Three hundred people attended the group’s 2005 conference, which prompted members to find a new way to get the word out about the latest scholarship. Hirsch became one of four founding co-editors of the journal. VCU volunteered space and resources for the editorial offices. Three experts review every article for the publication, which the University of Toronto Press publishes three times a year.
The first issue focuses on the ongoing killings in Darfur, Sudan, while the second focuses on genocide in Armenia. The third will be a general issue including a look at international law and the media. Next year, the journal will cover Rwanda.
Hirsch said the 20th century was “the most violent century in human history” and that the 21st is “not looking as good as we’d like.”
Violence in Darfur has continued, while a million people may have been killed as a result of ongoing fighting in the Democratic Republic of the Congo.
“The ultimate end of everybody who studies genocide is to stop it, to prevent it,” Hirsch said. “The ultimate end is to do anything you can to save lives.”

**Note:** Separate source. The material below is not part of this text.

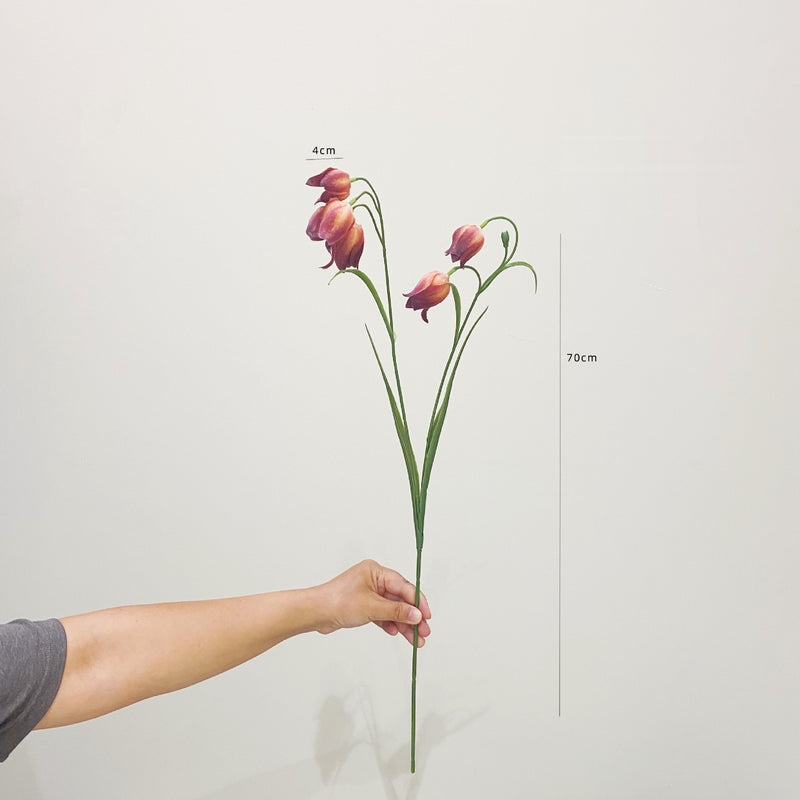 Artificial Fritillaria Flower Bush, Retro Style Faux Silk and Plastic Blend, 70cm Tall, Perfect for Weddings, Home Decor, and Events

During the reception, Melanie B. Kerneklian, an Armenian community activist, said Hirsch gave a common voice to genocide victims.
“You are speaking for them,” she said. “When we of the same group speak, people don’t listen.”
Alor Kuol, a Sudanese refugee and caseworker for the Catholic Diocese of Richmond’s Refugee and Immigration Services, was pleased by public interest in Darfur. He told the crowd the current Sudanese leadership lacks sincerity about peace.
“What makes me happy is that there are people who care about what’s going on in other countries,” he said.
The 1994 slaughter of the Tutsis by the Hutu majority of Rwanda, Hirsch said, was “the quickest extermination of people in human history.”
Mayor L. Douglas Wilder said favoritism of the Tutsis by Belgian colonists was at the root of the Rwandan genocide.
“Every nation practiced slavery. A different brand of it, different ways of pitting one group against another,” he said.
Wilder told students to “take that cudgel and cut away at the morass of ignorance and indifference of the past.”
Hirsch said positive steps have been taken to prevent atrocities, but not enough has been done.
He asked the audience, “Why is there a war on terrorism but not a war on genocide?”